• INFORMATION SUPPLIED:
━━━━━━━━━━

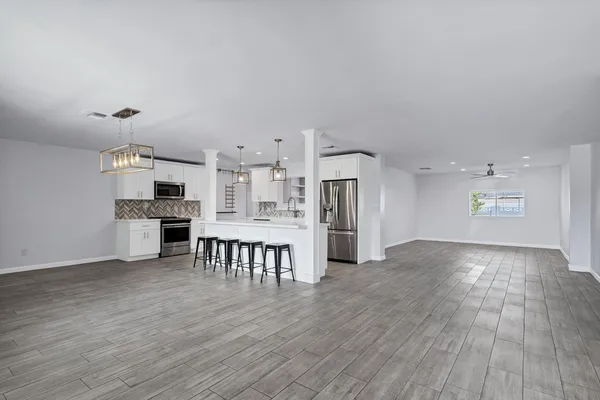 $4,950 | 3046 East Glenrosa Avenue, Phoenix, AZ 85016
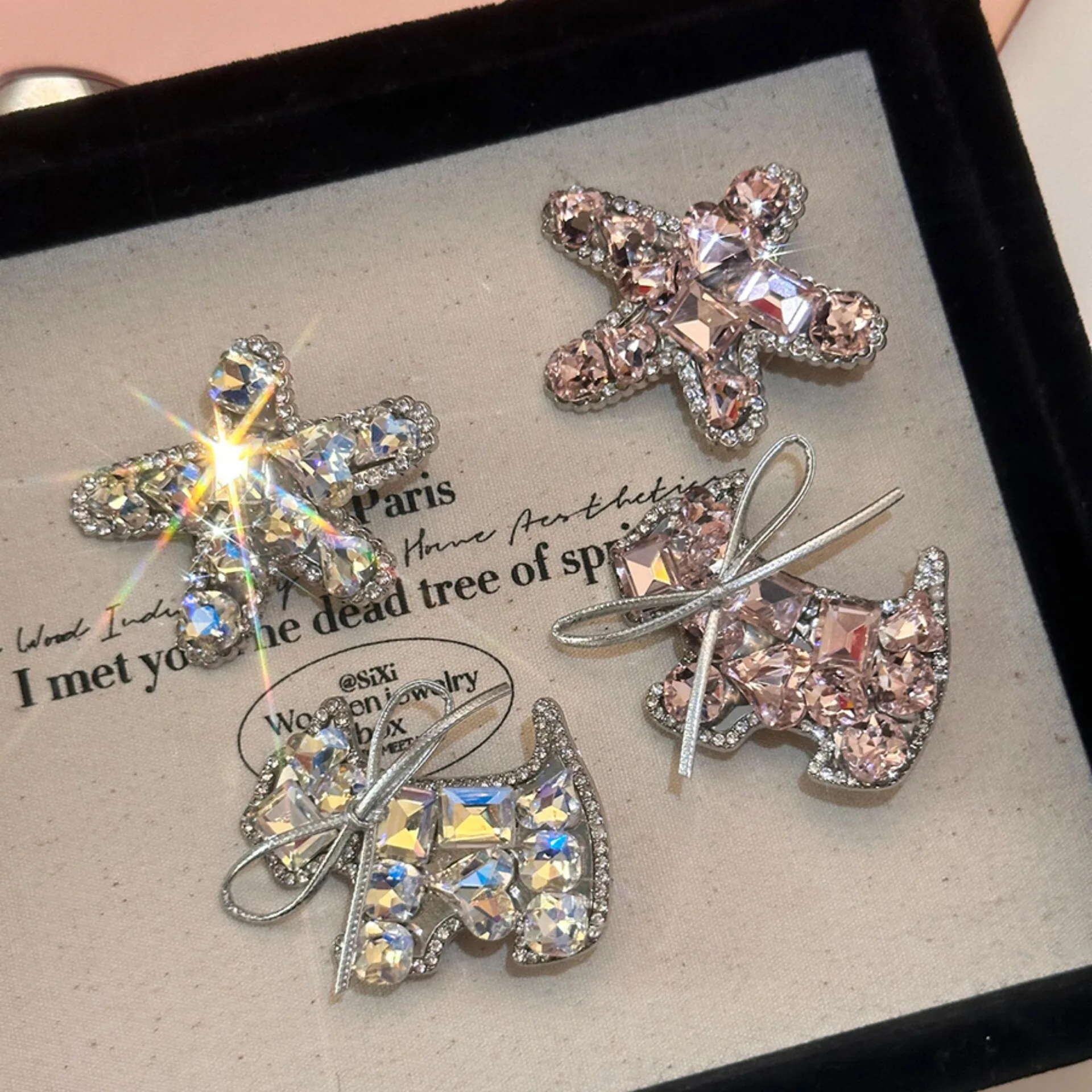 

1 шт., инкрустированная бриллиантами, звезда, щенок, бант, боковая заколка для волос, фея, сладкая и изысканная заколка для утки, легкие роскошные высококачественные аксессуары для волос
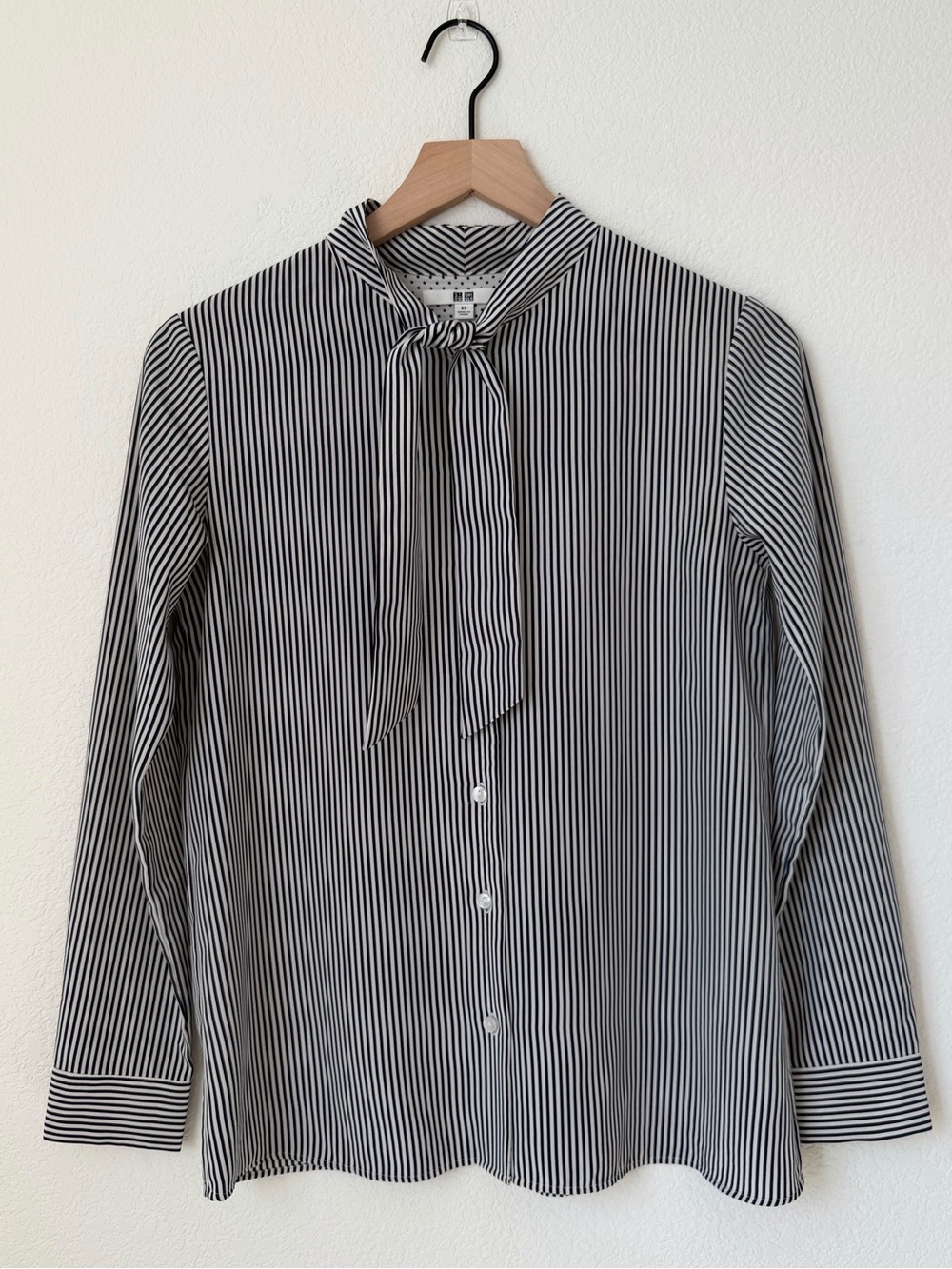 Uniqlo Black and White Vertical-Stripe Tie-Neck Dress Shirt Size XS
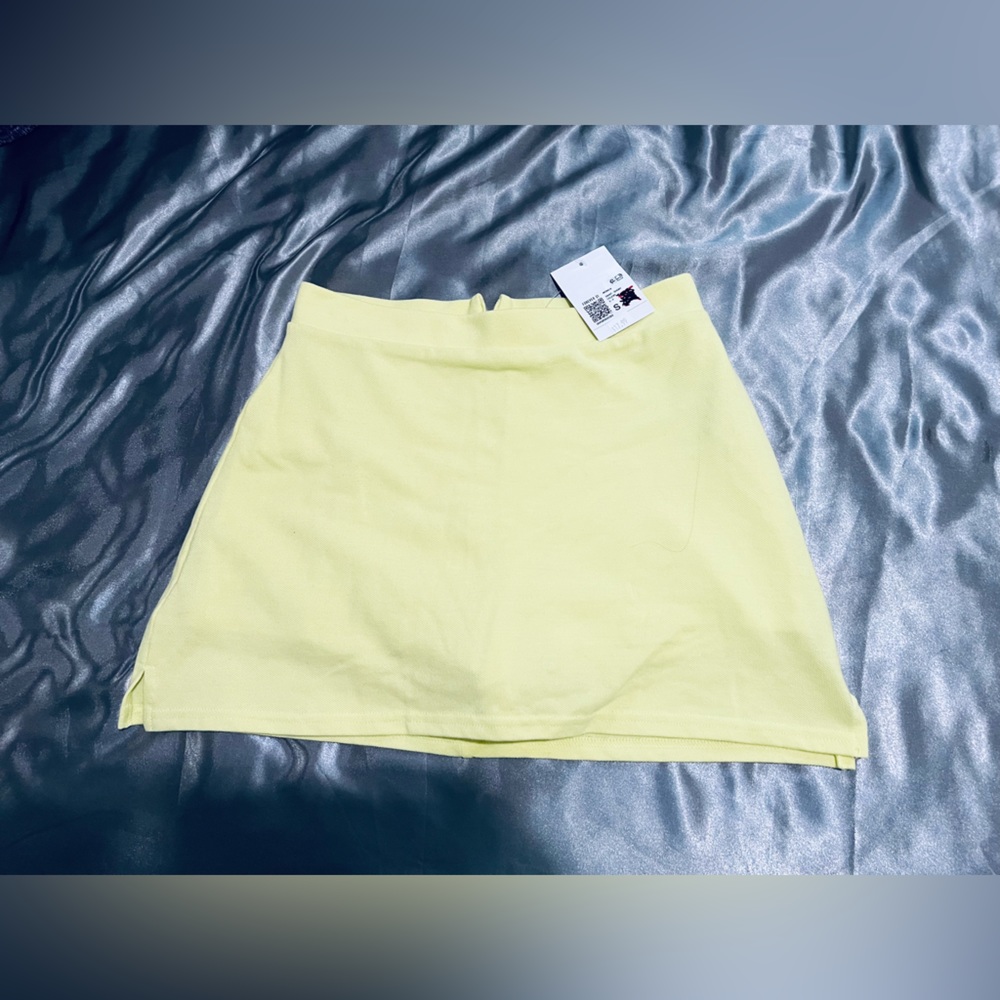 Women’s solid high waist skort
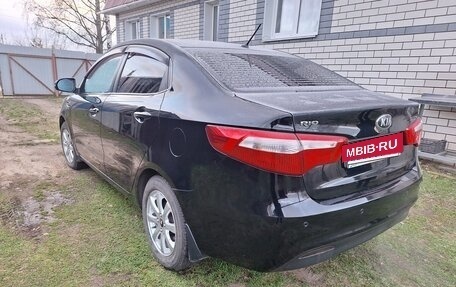 KIA Rio III рестайлинг, 2013 год, 870 000 рублей, 4 фотография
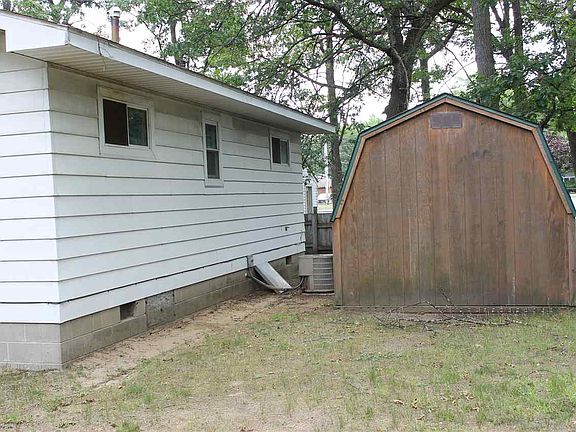 3rd image of 105 Edgewood Dr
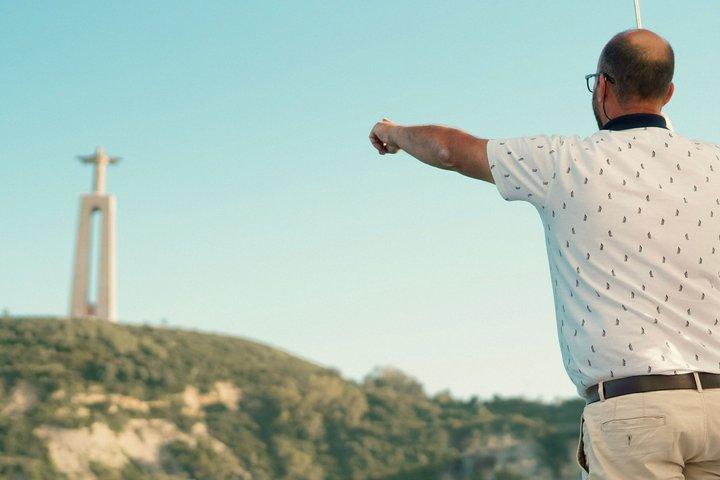 Discover Lisbon aboard a private sailboat in the Tejo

━━━━━━━━━━

• EXERCISE REQUIREMENTS: Repeat the material exactly as it reads, without any of its pictures.

• RESULT BELOW:
 $4,950 | 3046 East Glenrosa Avenue, Phoenix, AZ 85016

1 шт., инкрустированная бриллиантами, звезда, щенок, бант, боковая заколка для волос, фея, сладкая и изысканная заколка для утки, легкие роскошные высококачественные аксессуары для волос
 Uniqlo Black and White Vertical-Stripe Tie-Neck Dress Shirt Size XS
 Women’s solid high waist skort
 KIA Rio III рестайлинг, 2013 год, 870 000 рублей, 4 фотография
 3rd image of 105 Edgewood Dr
 Discover Lisbon aboard a private sailboat in the Tejo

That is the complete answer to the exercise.